Pictures do not belong in the copy. Return all of the entries exactly.

____

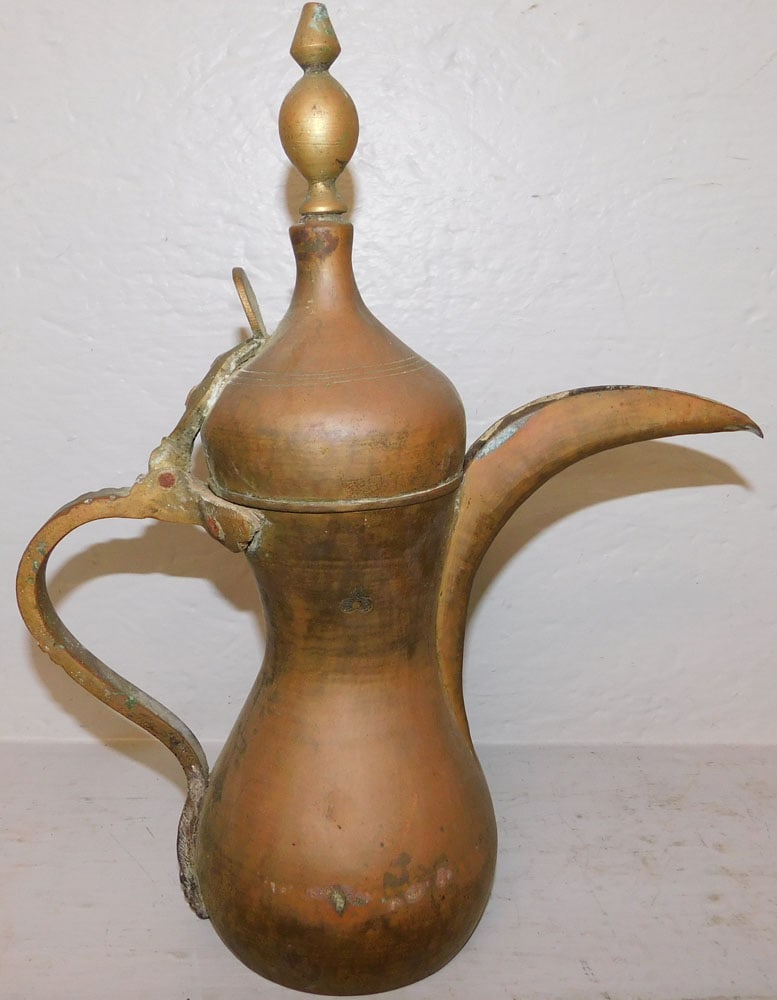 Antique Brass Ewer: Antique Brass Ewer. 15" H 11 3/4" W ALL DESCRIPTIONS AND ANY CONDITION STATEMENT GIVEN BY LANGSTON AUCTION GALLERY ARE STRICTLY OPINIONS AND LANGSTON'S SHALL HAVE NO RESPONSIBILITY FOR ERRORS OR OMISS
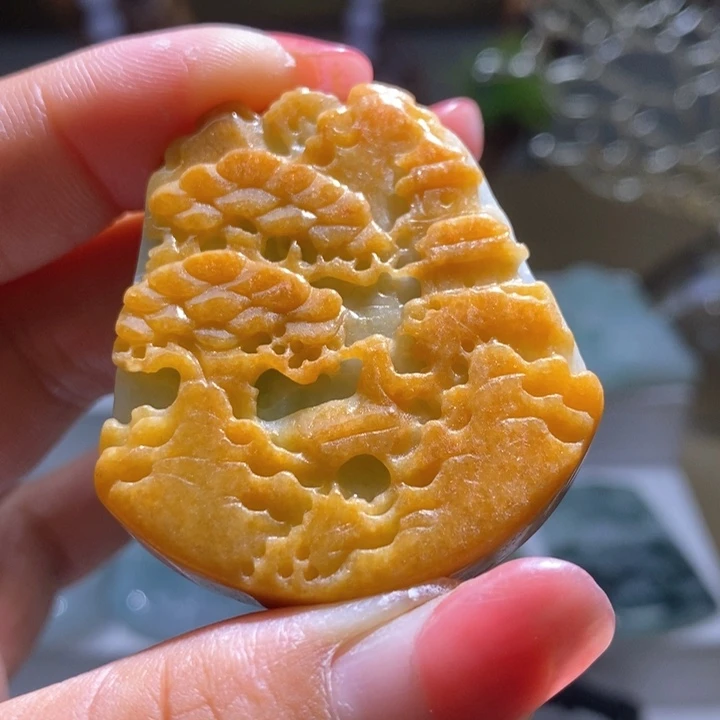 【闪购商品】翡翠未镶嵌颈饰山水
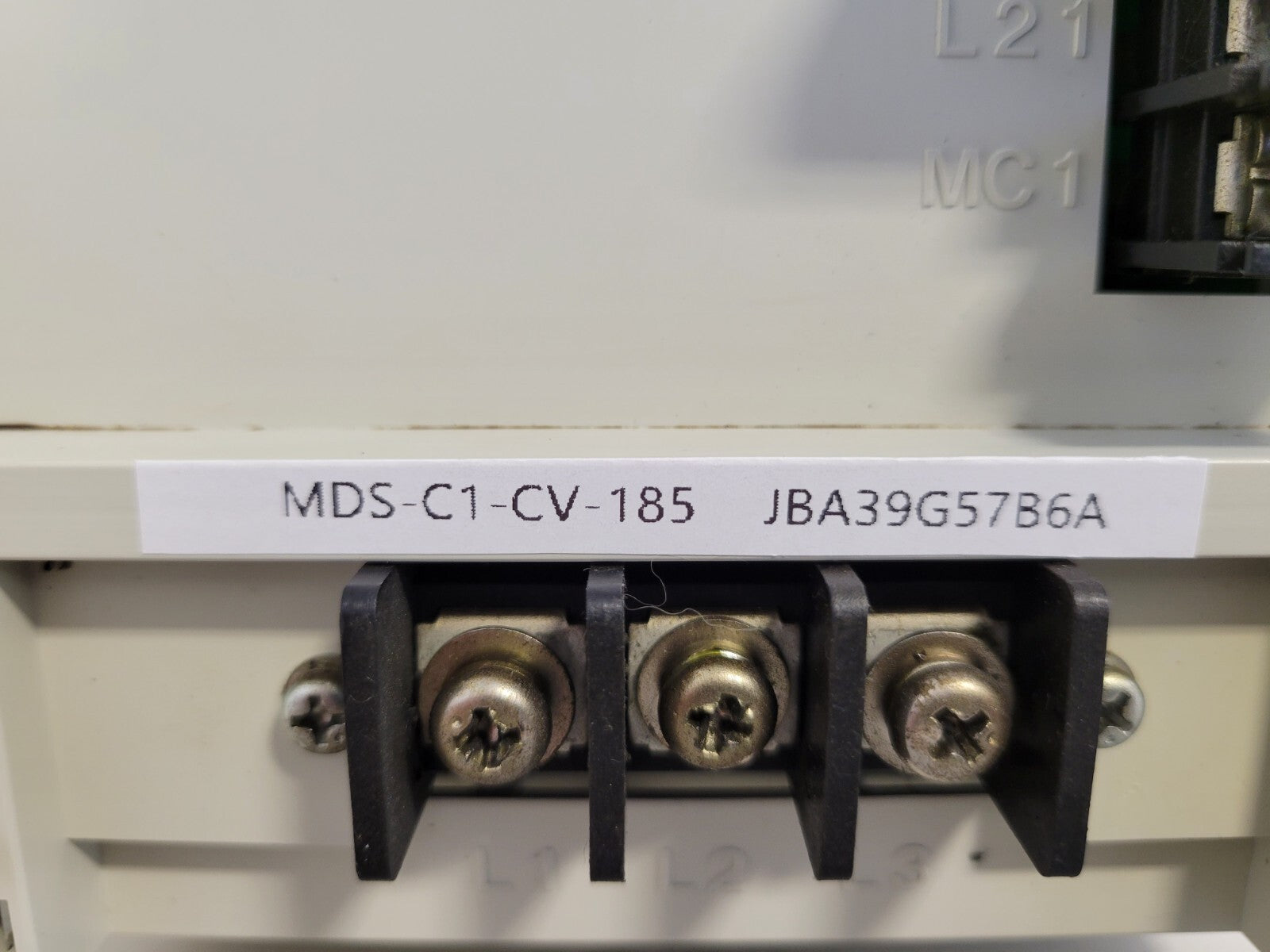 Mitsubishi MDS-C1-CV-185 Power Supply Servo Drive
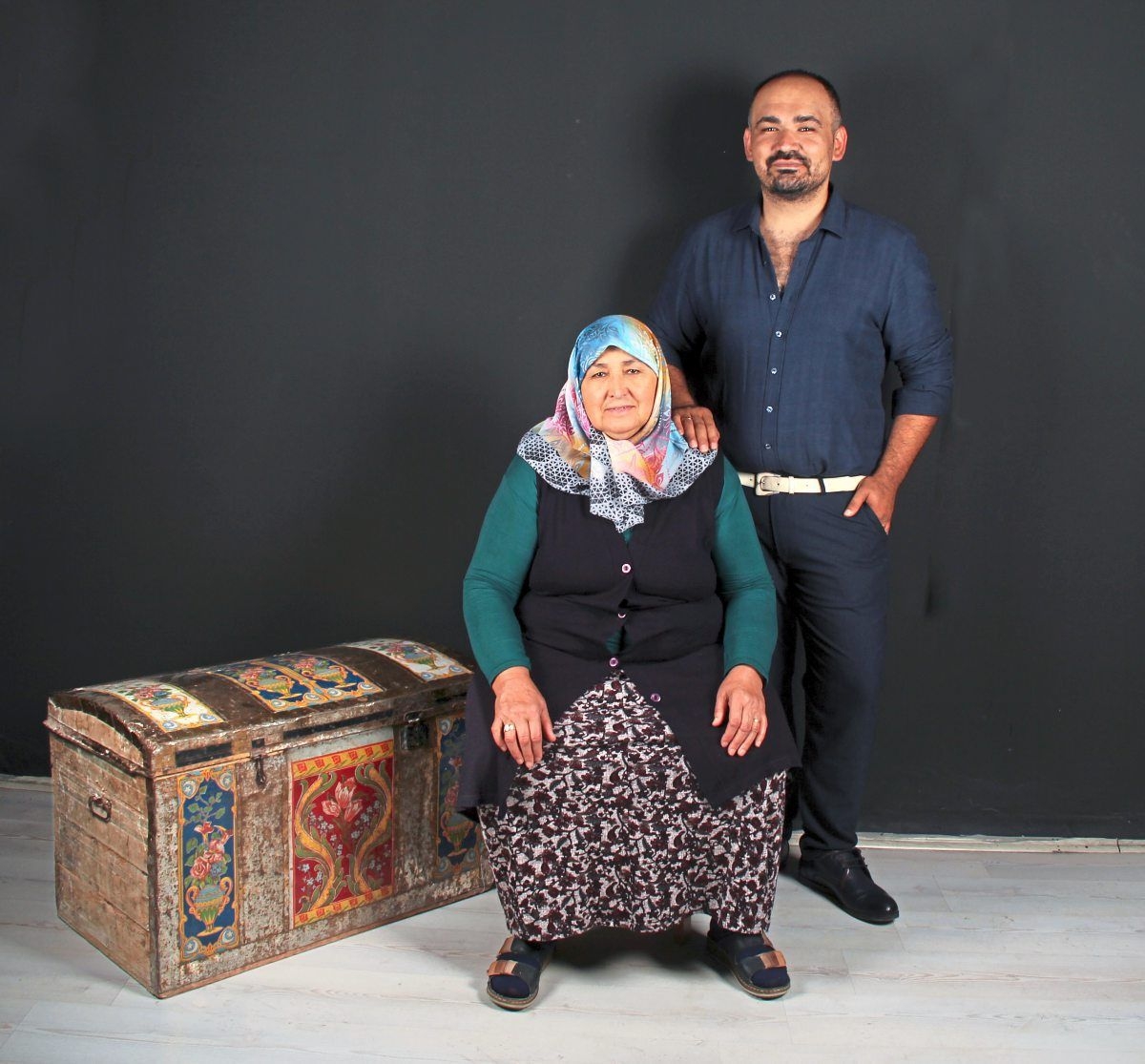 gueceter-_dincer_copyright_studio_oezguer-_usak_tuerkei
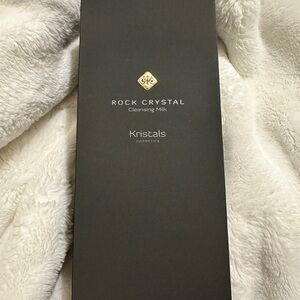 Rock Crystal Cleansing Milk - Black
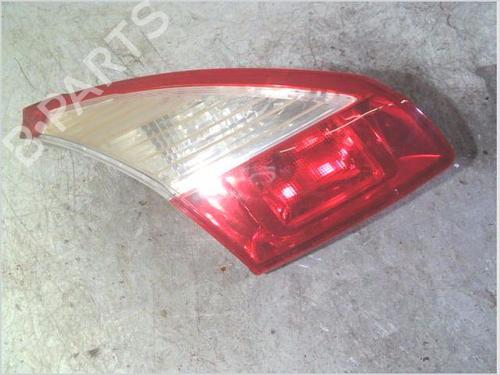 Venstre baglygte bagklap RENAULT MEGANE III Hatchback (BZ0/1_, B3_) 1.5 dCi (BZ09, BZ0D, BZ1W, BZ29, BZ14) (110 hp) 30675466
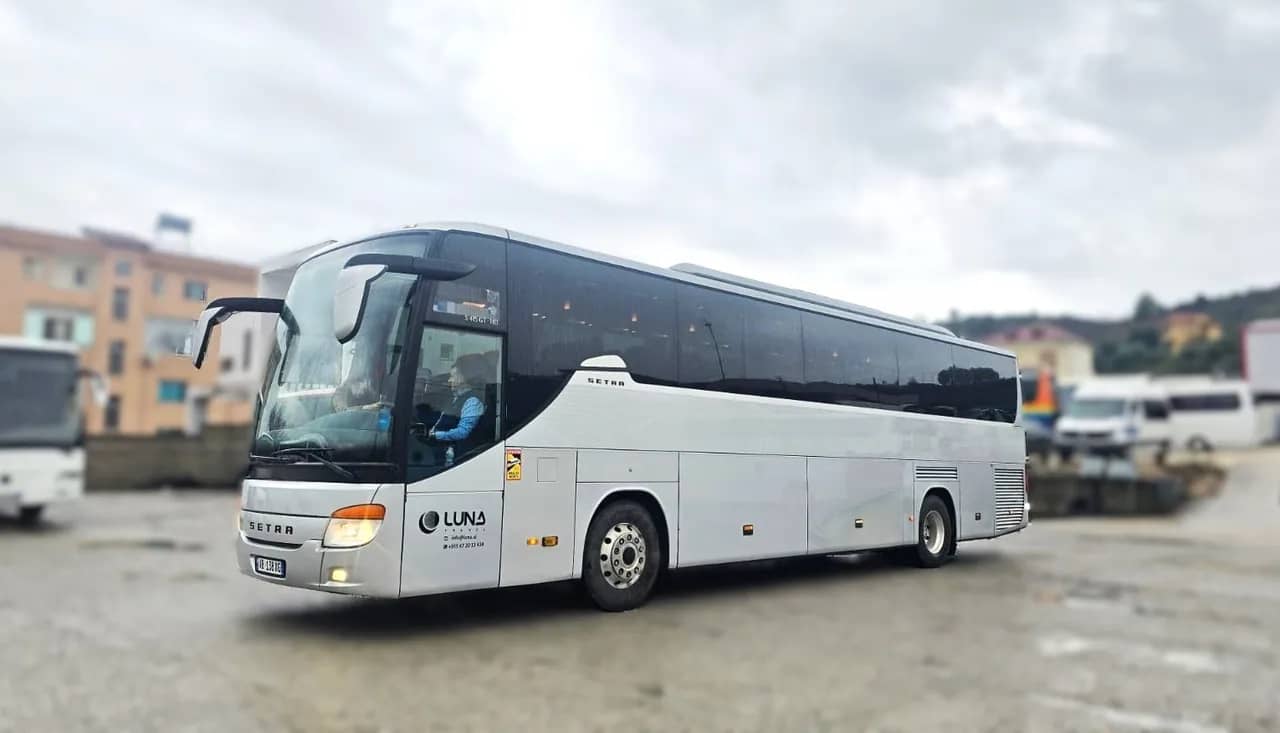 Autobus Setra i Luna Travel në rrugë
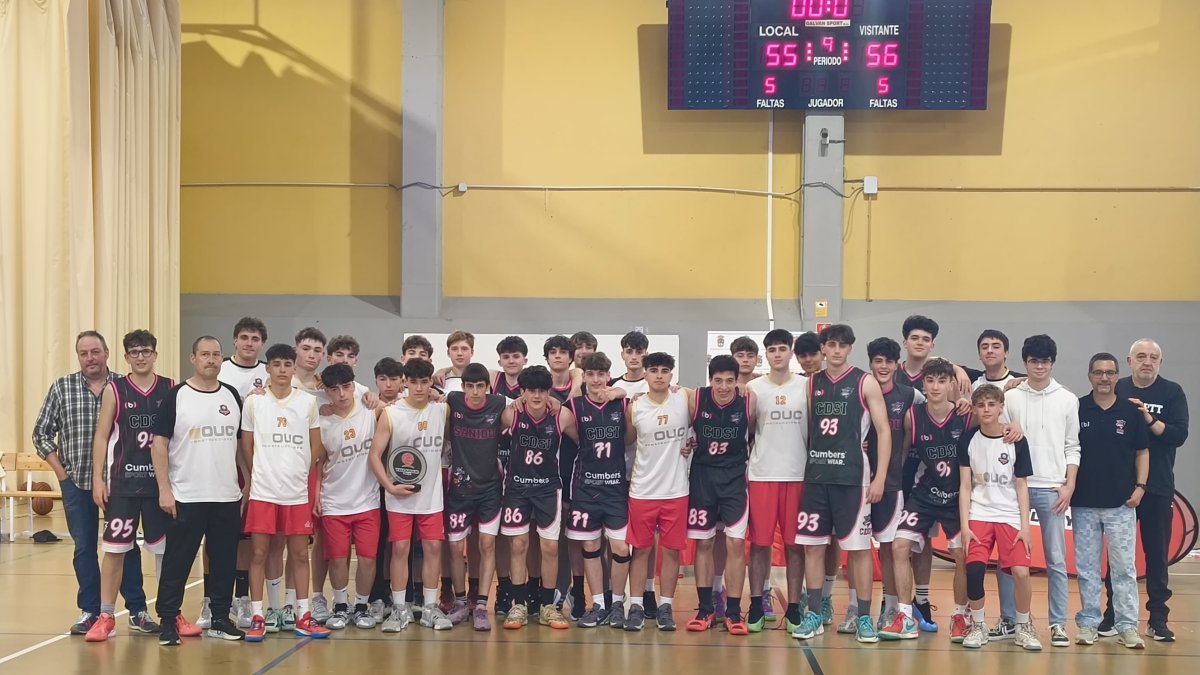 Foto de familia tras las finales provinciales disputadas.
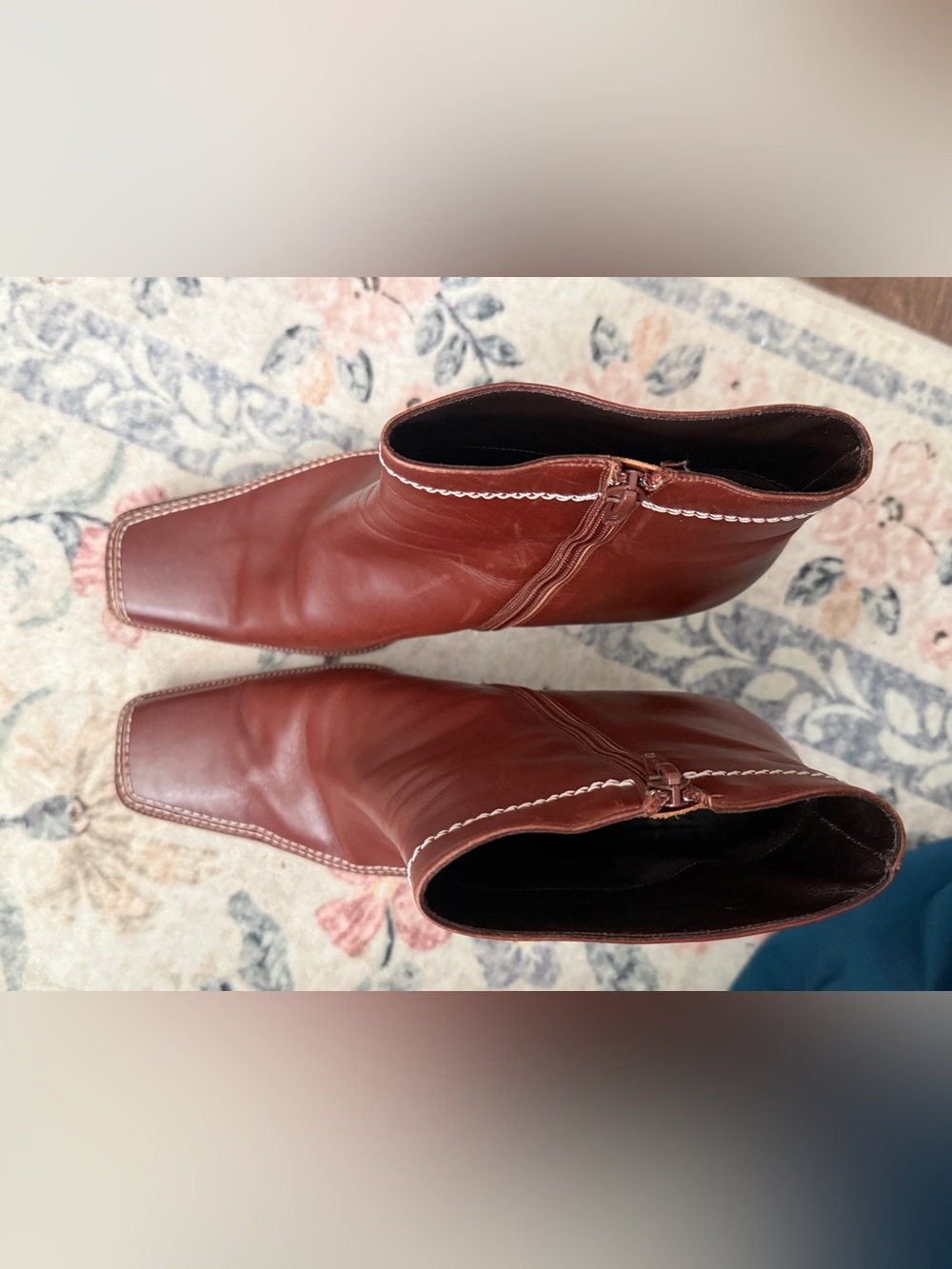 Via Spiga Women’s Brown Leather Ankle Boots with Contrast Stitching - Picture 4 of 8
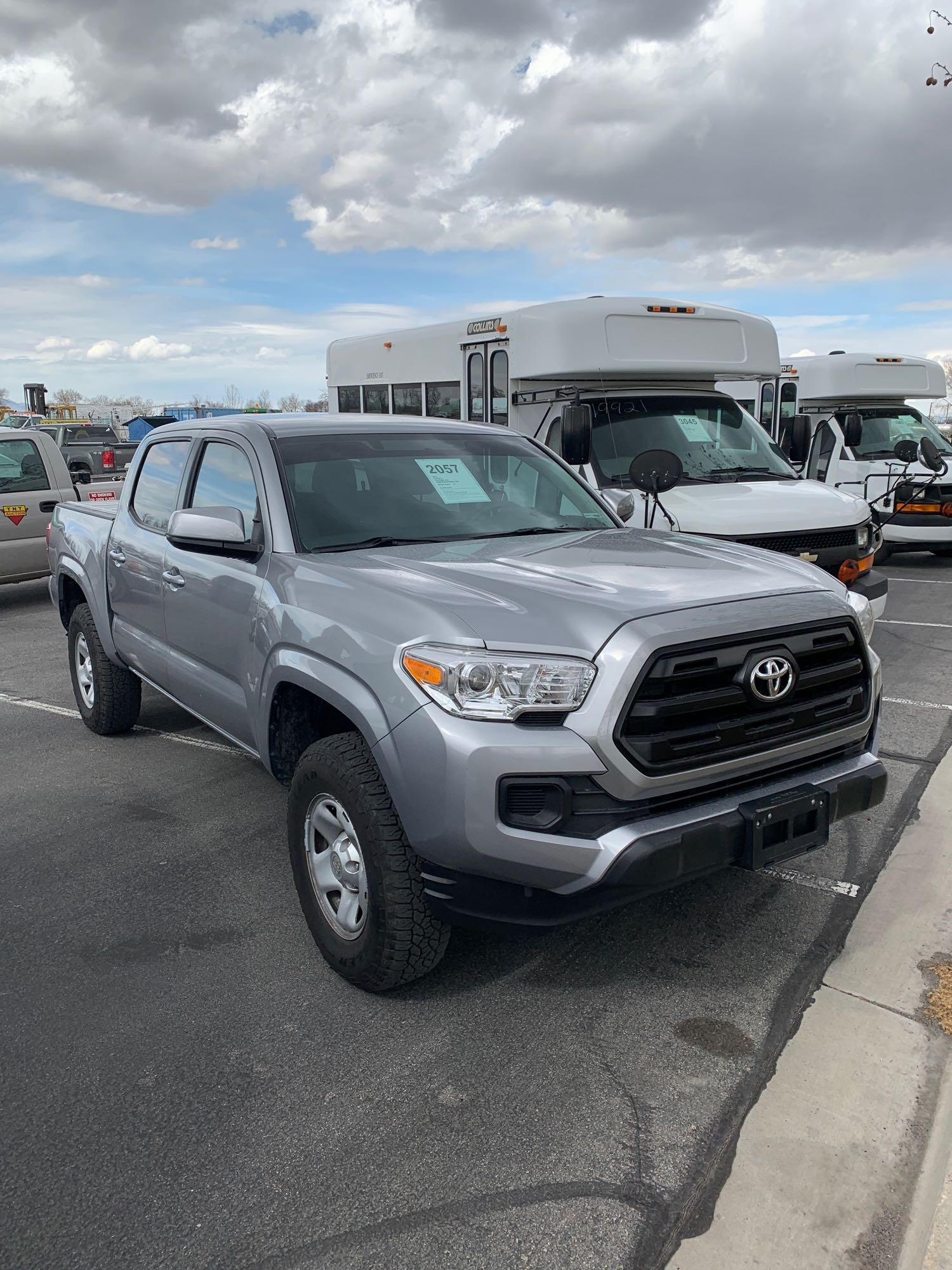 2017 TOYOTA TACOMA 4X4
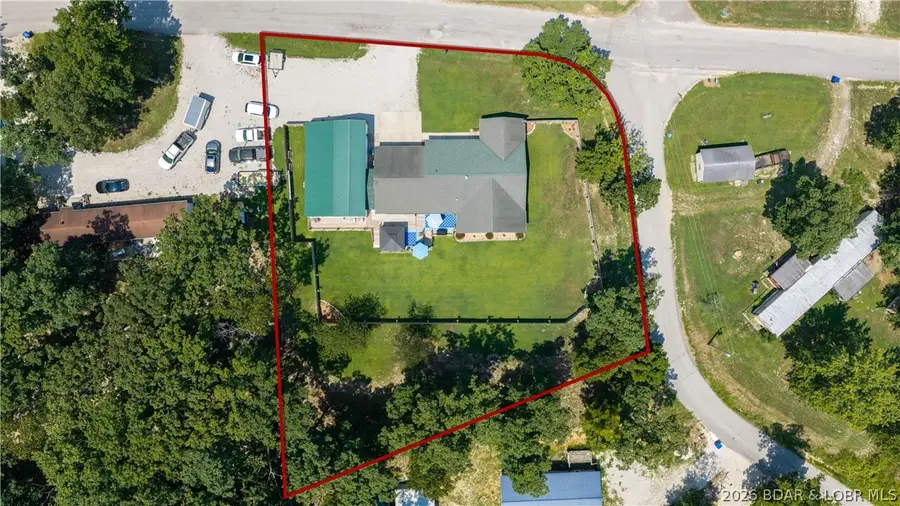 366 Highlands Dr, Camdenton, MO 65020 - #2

____

■ **Solution to this problem**
 Antique Brass Ewer: Antique Brass Ewer. 15" H 11 3/4" W ALL DESCRIPTIONS AND ANY CONDITION STATEMENT GIVEN BY LANGSTON AUCTION GALLERY ARE STRICTLY OPINIONS AND LANGSTON'S SHALL HAVE NO RESPONSIBILITY FOR ERRORS OR OMISS
 【闪购商品】翡翠未镶嵌颈饰山水
 Mitsubishi MDS-C1-CV-185 Power Supply Servo Drive
 gueceter-_dincer_copyright_studio_oezguer-_usak_tuerkei
 Rock Crystal Cleansing Milk - Black
 Venstre baglygte bagklap RENAULT MEGANE III Hatchback (BZ0/1_, B3_) 1.5 dCi (BZ09, BZ0D, BZ1W, BZ29, BZ14) (110 hp) 30675466
 Autobus Setra i Luna Travel në rrugë
 Foto de familia tras las finales provinciales disputadas.
 Via Spiga Women’s Brown Leather Ankle Boots with Contrast Stitching - Picture 4 of 8
 2017 TOYOTA TACOMA 4X4
 366 Highlands Dr, Camdenton, MO 65020 - #2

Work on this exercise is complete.